┌──

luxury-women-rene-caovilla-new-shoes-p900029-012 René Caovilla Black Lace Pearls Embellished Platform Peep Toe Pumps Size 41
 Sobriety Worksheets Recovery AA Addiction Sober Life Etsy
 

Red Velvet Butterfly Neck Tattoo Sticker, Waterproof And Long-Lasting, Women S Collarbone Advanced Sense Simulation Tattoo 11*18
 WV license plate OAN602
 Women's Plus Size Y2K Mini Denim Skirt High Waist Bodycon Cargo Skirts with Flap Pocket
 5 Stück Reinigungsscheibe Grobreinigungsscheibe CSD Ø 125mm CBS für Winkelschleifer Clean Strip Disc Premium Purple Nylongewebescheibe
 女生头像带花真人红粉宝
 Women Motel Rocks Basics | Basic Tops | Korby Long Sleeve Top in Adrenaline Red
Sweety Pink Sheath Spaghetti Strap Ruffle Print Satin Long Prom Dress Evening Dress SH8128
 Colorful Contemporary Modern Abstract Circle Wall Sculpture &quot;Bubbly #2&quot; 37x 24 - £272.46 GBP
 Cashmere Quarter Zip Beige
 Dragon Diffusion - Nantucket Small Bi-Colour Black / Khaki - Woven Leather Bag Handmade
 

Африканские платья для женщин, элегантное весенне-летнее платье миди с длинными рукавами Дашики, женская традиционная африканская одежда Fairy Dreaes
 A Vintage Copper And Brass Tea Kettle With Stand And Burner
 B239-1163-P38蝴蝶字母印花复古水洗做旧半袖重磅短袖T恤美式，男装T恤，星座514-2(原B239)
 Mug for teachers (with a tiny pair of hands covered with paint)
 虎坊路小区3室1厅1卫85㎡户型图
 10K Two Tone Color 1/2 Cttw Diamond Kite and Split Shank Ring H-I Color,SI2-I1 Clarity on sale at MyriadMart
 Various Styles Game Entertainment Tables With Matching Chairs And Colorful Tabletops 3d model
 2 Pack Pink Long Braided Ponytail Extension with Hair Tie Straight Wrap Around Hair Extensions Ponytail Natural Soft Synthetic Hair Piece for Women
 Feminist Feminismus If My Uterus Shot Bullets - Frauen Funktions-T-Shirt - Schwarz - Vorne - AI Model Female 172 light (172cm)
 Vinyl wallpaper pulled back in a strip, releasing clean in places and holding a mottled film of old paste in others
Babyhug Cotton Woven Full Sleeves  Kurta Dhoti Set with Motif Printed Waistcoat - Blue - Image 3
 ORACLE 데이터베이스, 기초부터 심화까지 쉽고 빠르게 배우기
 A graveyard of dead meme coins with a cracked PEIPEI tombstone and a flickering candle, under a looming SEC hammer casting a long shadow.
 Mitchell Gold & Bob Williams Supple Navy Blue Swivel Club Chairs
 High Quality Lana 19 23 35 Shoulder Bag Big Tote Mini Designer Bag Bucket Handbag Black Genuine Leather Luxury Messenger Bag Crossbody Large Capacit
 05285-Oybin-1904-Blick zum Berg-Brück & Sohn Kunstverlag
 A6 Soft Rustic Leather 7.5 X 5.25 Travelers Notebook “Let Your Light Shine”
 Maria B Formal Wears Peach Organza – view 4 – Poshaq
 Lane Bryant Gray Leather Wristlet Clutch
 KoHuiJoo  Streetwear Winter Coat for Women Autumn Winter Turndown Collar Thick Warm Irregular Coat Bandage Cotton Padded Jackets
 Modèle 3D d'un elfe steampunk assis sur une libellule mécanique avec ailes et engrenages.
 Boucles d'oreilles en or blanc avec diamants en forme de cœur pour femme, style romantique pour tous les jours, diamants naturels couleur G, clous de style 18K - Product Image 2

└──

Task item:
Wherever the string "Soft" turns up in the material, copy the whole line.

Response below:
 2 Pack Pink Long Braided Ponytail Extension with Hair Tie Straight Wrap Around Hair Extensions Ponytail Natural Soft Synthetic Hair Piece for Women
 A6 Soft Rustic Leather 7.5 X 5.25 Travelers Notebook “Let Your Light Shine”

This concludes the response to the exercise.